Inoltre, su un piano strettamente ideologico e pragmatico, la scelta dell’uomo di Chiesa e in particolare del monaco significava già di per sé il rifiuto del mondo e dei suoi piaceri, sicché i modelli alimentari vennero plasmati sulla rinuncia totale alle logiche del potere, sull’archetipo della povertà e frugalità contadina dell’Alto Medioevo. Sul piano della mensa questa lezione di volontaria rinuncia si tradusse quindi nel rifiuto della carne e delle spezie e dei conviti costituiti da molteplici portate, usuali nei ceti signorili; si attuò invece nella scelta della parca temperanza contadina, basata essenzialmente sui prodotti vegetali.

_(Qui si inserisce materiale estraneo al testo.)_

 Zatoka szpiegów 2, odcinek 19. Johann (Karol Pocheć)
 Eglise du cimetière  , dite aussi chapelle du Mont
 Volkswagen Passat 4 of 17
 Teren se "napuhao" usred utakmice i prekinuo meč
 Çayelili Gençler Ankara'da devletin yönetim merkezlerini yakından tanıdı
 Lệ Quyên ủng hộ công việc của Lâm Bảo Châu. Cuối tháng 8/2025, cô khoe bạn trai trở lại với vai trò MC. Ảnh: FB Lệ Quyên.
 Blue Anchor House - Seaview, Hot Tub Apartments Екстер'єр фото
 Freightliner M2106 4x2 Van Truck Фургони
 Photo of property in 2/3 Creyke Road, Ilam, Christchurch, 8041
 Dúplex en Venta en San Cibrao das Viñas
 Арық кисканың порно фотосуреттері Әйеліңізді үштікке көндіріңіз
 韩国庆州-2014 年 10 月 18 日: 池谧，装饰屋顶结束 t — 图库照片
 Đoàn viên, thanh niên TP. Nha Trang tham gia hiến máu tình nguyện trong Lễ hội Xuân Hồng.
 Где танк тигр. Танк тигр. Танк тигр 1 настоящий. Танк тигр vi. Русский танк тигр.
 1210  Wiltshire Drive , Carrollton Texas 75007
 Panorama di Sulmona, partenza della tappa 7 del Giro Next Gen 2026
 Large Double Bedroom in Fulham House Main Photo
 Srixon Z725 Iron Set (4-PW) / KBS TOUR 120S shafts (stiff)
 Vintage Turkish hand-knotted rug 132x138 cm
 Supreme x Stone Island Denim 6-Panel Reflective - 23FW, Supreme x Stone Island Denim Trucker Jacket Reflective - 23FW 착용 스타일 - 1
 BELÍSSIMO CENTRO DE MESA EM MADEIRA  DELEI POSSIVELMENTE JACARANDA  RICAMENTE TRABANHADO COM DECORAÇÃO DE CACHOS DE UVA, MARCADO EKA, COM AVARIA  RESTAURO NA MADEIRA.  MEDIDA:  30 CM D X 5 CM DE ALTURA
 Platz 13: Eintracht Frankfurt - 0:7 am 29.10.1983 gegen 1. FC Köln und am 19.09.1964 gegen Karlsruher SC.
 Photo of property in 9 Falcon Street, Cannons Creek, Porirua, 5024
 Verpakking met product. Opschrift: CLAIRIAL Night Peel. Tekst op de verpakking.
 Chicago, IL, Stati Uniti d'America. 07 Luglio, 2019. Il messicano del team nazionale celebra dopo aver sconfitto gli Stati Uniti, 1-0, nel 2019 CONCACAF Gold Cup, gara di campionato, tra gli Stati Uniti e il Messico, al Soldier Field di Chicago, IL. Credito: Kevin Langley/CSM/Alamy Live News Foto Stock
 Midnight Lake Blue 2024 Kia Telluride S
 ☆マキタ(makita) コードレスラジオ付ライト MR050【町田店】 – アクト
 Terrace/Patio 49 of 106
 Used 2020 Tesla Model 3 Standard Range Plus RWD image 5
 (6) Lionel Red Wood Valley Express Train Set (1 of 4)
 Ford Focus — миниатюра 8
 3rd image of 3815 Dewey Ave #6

La presunta continua condizione di fame e la scarsità della carne nel vitto dei rustici (che nei primi secoli del medioevo furono più un’ossessione che una realtà) vennero sublimate nell’adozione quasi totalizzante del consumo dei legumi e nelle pratiche ascetiche di astinenza e di digiuno, sebbene tale digiuno, eccetto quello quaresimale molto più stretto benché non totale, consistesse in realtà in un unico pasto giornaliero, anche se ritardato all’ora nona o a quella del vespro per accentuare la mortificazione.